Work item:
Without any of its pictures, the listing below should be output exactly.

Raw data:
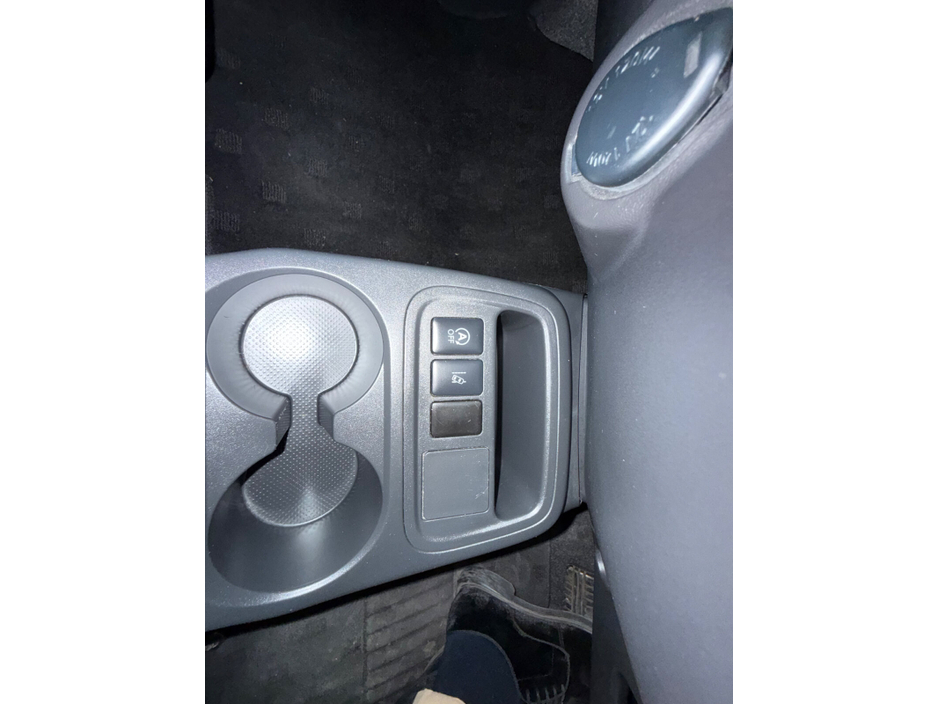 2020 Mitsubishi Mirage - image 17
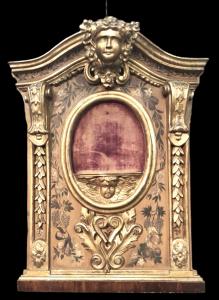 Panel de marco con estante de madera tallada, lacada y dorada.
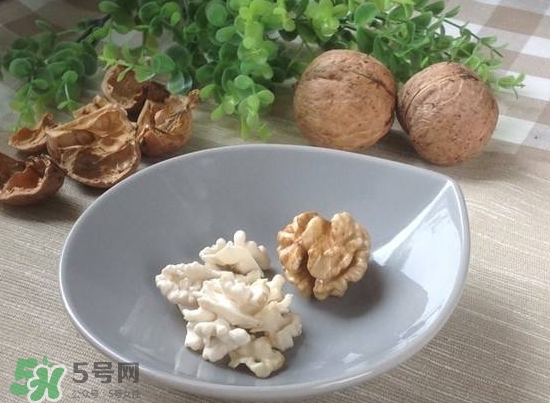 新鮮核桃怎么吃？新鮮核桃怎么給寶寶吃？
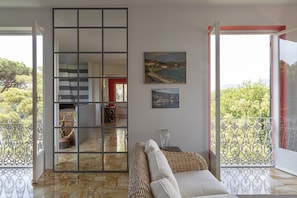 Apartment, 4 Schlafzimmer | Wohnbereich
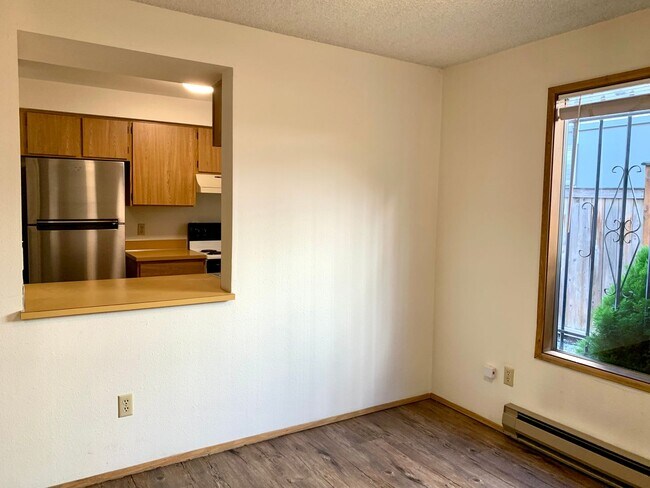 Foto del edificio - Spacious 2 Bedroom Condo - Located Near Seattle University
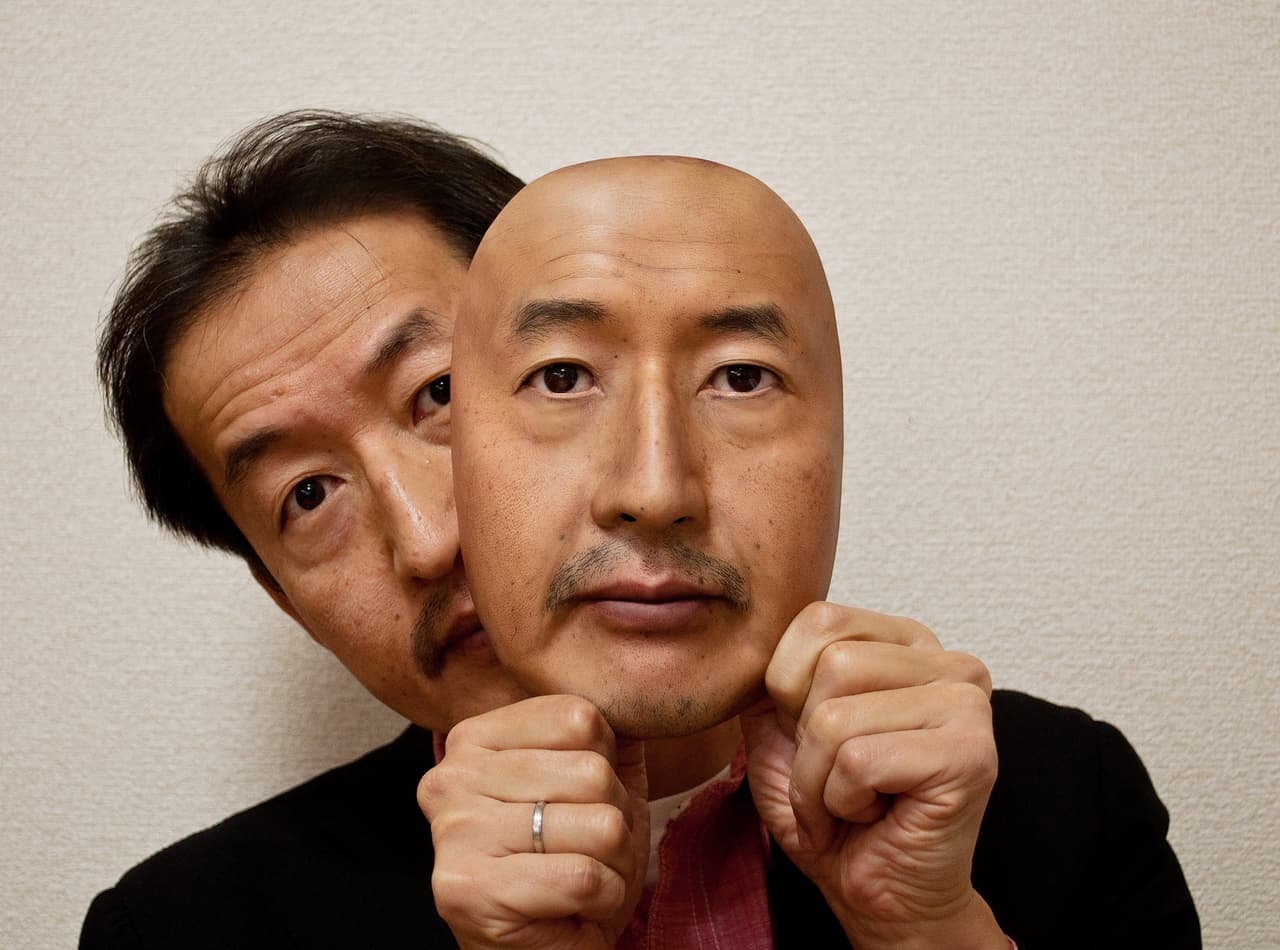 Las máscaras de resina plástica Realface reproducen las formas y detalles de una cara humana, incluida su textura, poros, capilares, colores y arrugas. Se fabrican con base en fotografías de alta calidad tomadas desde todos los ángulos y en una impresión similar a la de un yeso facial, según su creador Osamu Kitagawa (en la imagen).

Solution to this task:
 2020 Mitsubishi Mirage - image 17
 Panel de marco con estante de madera tallada, lacada y dorada.
 新鮮核桃怎么吃？新鮮核桃怎么給寶寶吃？
 Apartment, 4 Schlafzimmer | Wohnbereich
 Foto del edificio - Spacious 2 Bedroom Condo - Located Near Seattle University
 Las máscaras de resina plástica Realface reproducen las formas y detalles de una cara humana, incluida su textura, poros, capilares, colores y arrugas. Se fabrican con base en fotografías de alta calidad tomadas desde todos los ángulos y en una impresión similar a la de un yeso facial, según su creador Osamu Kitagawa (en la imagen).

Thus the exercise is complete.